Auch in Jakutien spürt man den Klimawandel
Alban hat es mit dem LKW kaum rausgeschafft. Die Spuren sind noch heute zu sehen. So schön winterlich das Eis aussieht – auch in Jakutien spürt man den Klimawandel. „Früher konnten wir am 1. und 2. Mai noch losfahren und sind gut angekommen. Jetzt geht das nicht mehr. Anfang Mai ist überall schon Wasser. Die Arbeit ist dadurch weniger geworden. Du schaffst einfach nicht mehr so viele Fahrten“, so Alban Modun, LKW-Fahrer. Etwa 2.000 Euro nimmt Alban mit einer Fahrt ein. Davon muss er auch alle Ersatzteile bezahlen.
Auf der Eisstraße ist plötzlich Stau. Ein LKW ist liegen geblieben, seine Heizung ausgefallen. Zum Glück ist er mit anderen Lastern gemeinsam gefahren. Seine Kollegen helfen schon, den Generator zu reparieren. Sonst wäre das schnell lebensgefährlich.

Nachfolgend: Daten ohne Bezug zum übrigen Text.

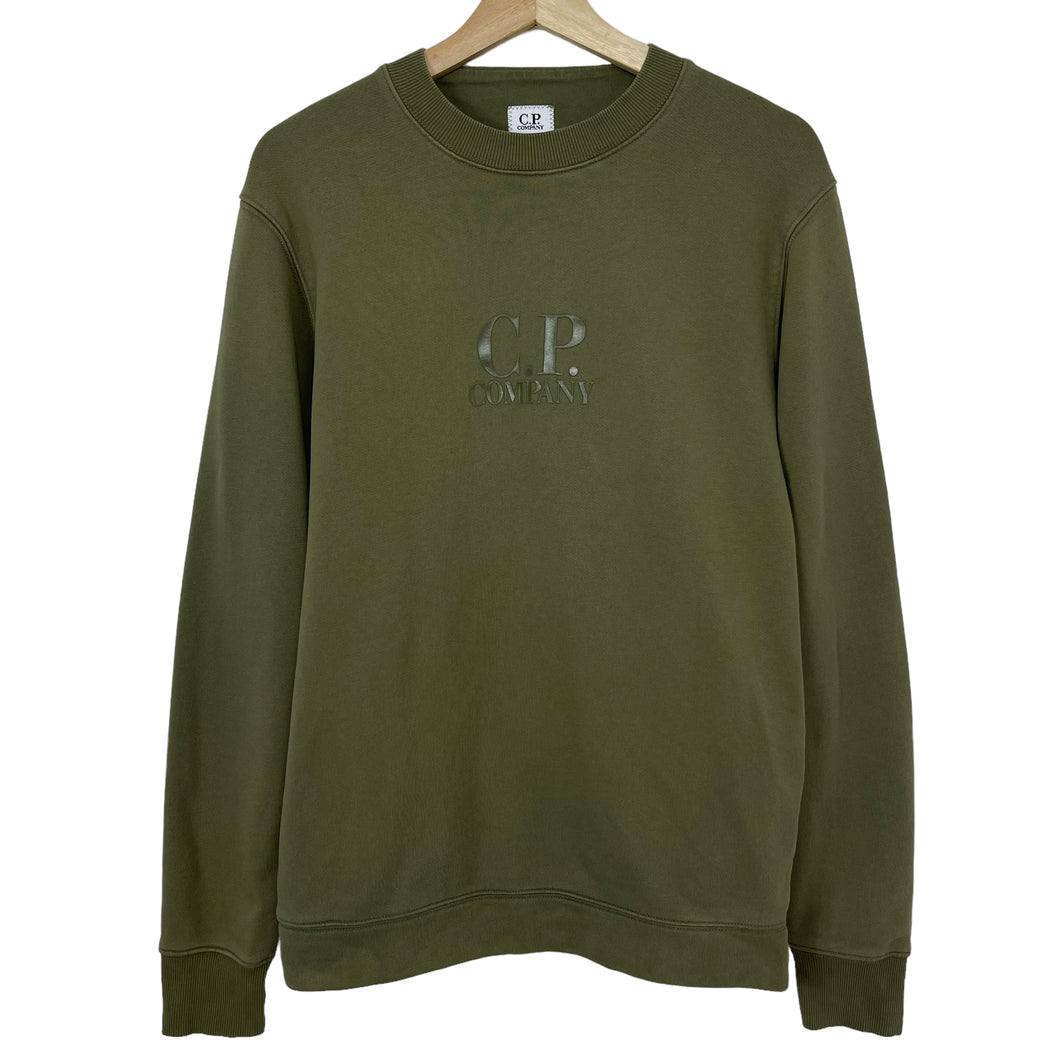 C.P Company Green Crew Neck Logo Sweater - Medium (M) PTP 21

Anderer LKW-Fahrer: „Draußen sind es minus 54 bis minus 55 Grad. Sehen Sie, der Reifen hier ist hart wie Eisen.“
Alban und die anderen Fahrer haben ihre LKW speziell winterfest gemacht. Überall Planen, die die Kabine und den Motor schützen. Und auch drinnen: spezielle Isolierung.

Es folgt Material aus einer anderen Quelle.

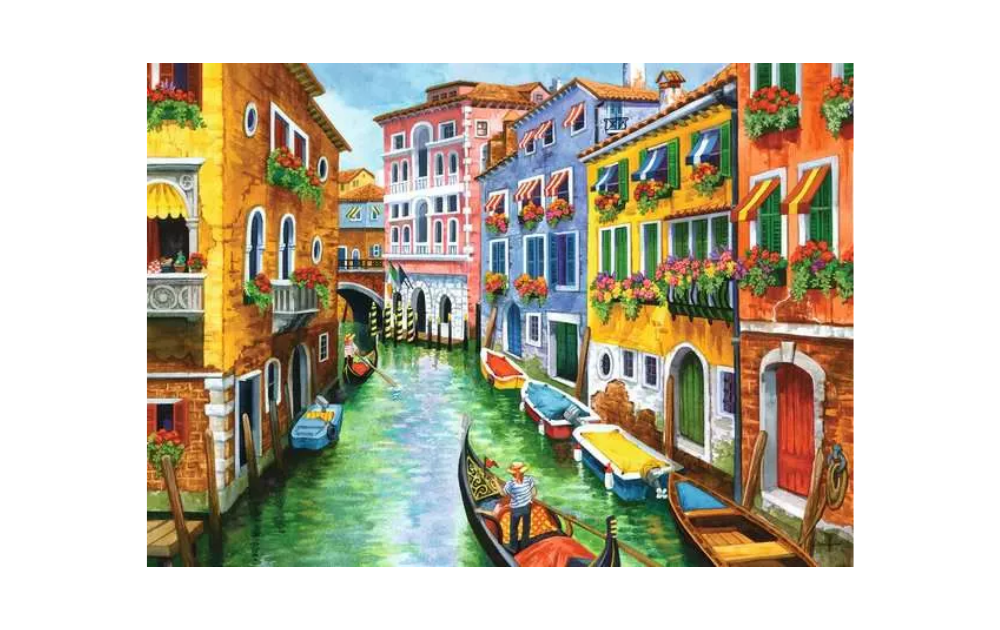 Gondola Ride 300 Piece Ravensburger Jigsaw Puzzle depicting a vibrant canal scene with colorful buildings and boats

„Ohne das Risiko kann ich schon nicht mehr leben“
„Es ist alles doppelt hier: Die Seitenscheiben, die Windschutzscheibe. Wenn dir der Motor absäuft bei minus 50 oder minus 60 Grad, hast du maximal eine Stunde Zeit, um alles hinzukriegen und den Motor wieder zu starten“, so Alban Modun, LKW-Fahrer. Sonst friert der LKW ein – so wie dieser hier. Damit die Laster überhaupt fahren können, machen Arbeiter die Straße jeden Winter neu. Im Sommer sind hier Sümpfe oder Flüsse – höchstens mit einem Panzer käme man da durch.
Die Gefahren sind ständig präsent. Alban hat auf der Winterstraße einmal seinen Anhänger verloren. So wie dieser hier lag der dann im Graben. Doch Alban liebt seinen Job.
„Ohne das Risiko kann ich schon nicht mehr leben. Meine Frau schimpft ständig, dass ich zu Hause nicht still sitzen kann. Aber ich hör einfach nicht auf sie“, sagt Alban Modun, LKW-Fahrer.
Nach sechs Tagen liefert Alban das Mehl erfolgreich ab – auf der Fahrt hat er aber immer auch ein Auge für den wunderschönen jakutischen Winter.